Gov. Patrick pushes state trade ties with China

The Boston Globe, Monday, Dec. 3, 2007

This article is © The New York Times Co.

BEIJING -- On his first foreign trade mission, Governor Deval L. Patrick today told a Beijing audience that Massachusetts and China have had a "special trade relationship" that spans more than two centuries. Patrick noted that the first United States merchant ship to sail for China -- in 1784 -- had Boston owners.

The governor and a delegation of about a dozen business executives, and academic and state government officials are meeting with their Chinese counterparts to discuss biotech and clean energy. They are not expected to strike any business deals before heading home on Friday, after traveling to Shanghai for more ceremonies and meetings.

Members of the delegation will also meet with executives of China's Hainan Airlines in hopes of establishing direct flights between Boston and Beijing, possibly to begin in 2009, according to Massachusetts Port Authority chief executive Thomas Kinton, who said talks have been underway for two years.

"I can't tell you as I sit here right now whether we'll be ready to announce it before we go, but we're certainly getting closer," Patrick said.

Today, the Massachusetts visitors and their Chinese hosts traded optimistic speeches and ate lunch in a glass atrium in a high-tech business park adjacent to Beijing's Tsinghua University, surrounded by high-rises that are home to the Chinese offices of such companies as Google, Microsoft Corp., and the Chinese Internet portal Sohu.com. Several speakers from the Massachusetts group made noble attempts at short Mandarin pronunciations during their remarks.

One of those on the trip, University of Massachusetts Medical School professor Craig Mello, was named an honorary professor at Tsinghua University during a ceremony today. Mello, who shared the 2006 Nobel Prize in medicine for work on a gene blocking technology called RNAi, said he hopes to set up a sister facility in China to work with a new life science center planned for UMass.

"We'd like to partner with China, and with Tsinghua perhaps, to develop a sister facility here in China that will commercialize and share in the discoveries," Mello said in a speech to students. "We're hoping that we can forge a real, meaningful alliance where Tsinghua and UMass would team up to develop RNAi therapeutics and develop new technology around RNAi, and maybe share intellectual property as well."

In addition to negotiating a direct flight from Boston and furthering life sciences research, one of the trip's goals is to explore the possibility of Massachusetts companies working to develop offshore wind projects in China, to help meet the country's increasing demand for energy. Dennis Duffy, vice president of regulatory affairs for Cape Wind Associates LLC, said China's coast is similar to New England's in that energy demand is concentrated near the ocean, where offshore winds could produce energy at peak hours. Using wind power for China's vast inland territory is more problematic, Duffy said, mostly because power would have to be transmitted over great distances and wind sources there do not coincide as well with peak-use times.

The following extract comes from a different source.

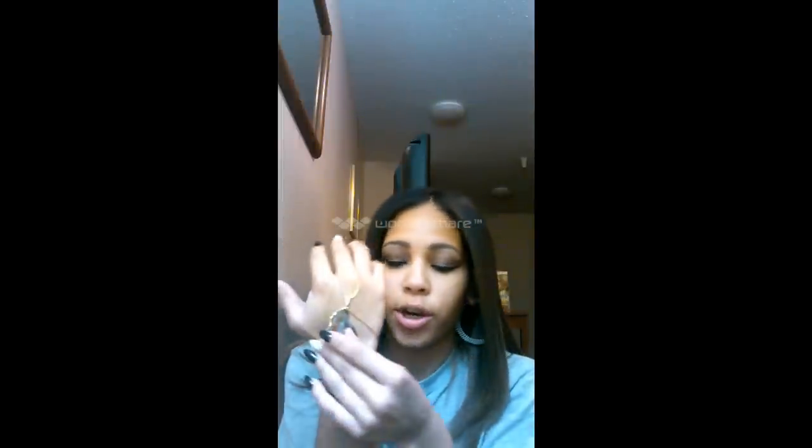And you see how the charm is just flopping around now. Well, for you to be able to secure that...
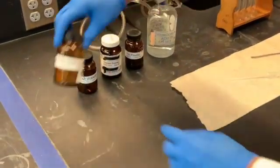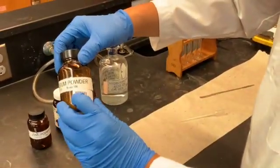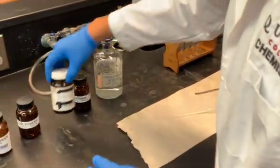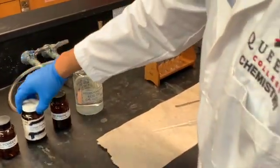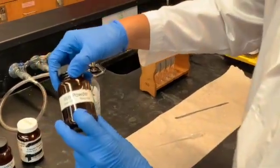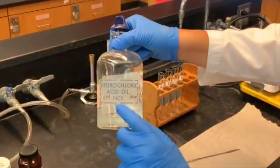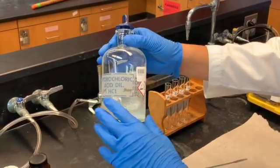The chemicals that we'll be using are magnesium powder, toxic; zinc powder, toxic; copper powder, toxic; iron powder, toxic; and six molar HCl, which is corrosive — you should wear gloves while handling this.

Joshua Boger, chief executive of the Cambridge biotech Vertex Pharmaceuticals Inc. and chairman of the Biotechnology Industry Organization, said collaborations with China do not pose a risk to life sciences jobs in the US. In fact, he said Vertex's collaboration with the Chinese chemical company Wuxi is an "important part" of a project that he said led Vertex to hire 250 people last year.

Before the delegation left for China, some human rights activists and state Representative Byron Rushing, Democrat of Boston, urged Patrick to use the trip to press officials on issues ranging from working conditions in China to Tibet and human rights. The governor on Monday noted that foreign policy is the responsibility of the federal government, but he said the issues would be discussed privately with Chinese officials.

"I think that when we have conversations at the government-to-government level, issues of civil and human rights will certainly come up," he said.

Becky Deusser, a spokeswoman for Patrick, said the delegation arrived late Sunday after a flight delay. Although this is Patrick's first trip to China as governor, she said, he has visited the country before on business, including as an executive at Coca Cola Co.

Patrick said other trade missions are in the works, but he did not provide specifics. This is also not the last trip to China under his administration, he said.

"We may not get all the deals we want done on this first trip," Patrick said. "But we have to continue to come back, show the interest, show the engagement of senior government officials, because that does matter here in Chinese business culture."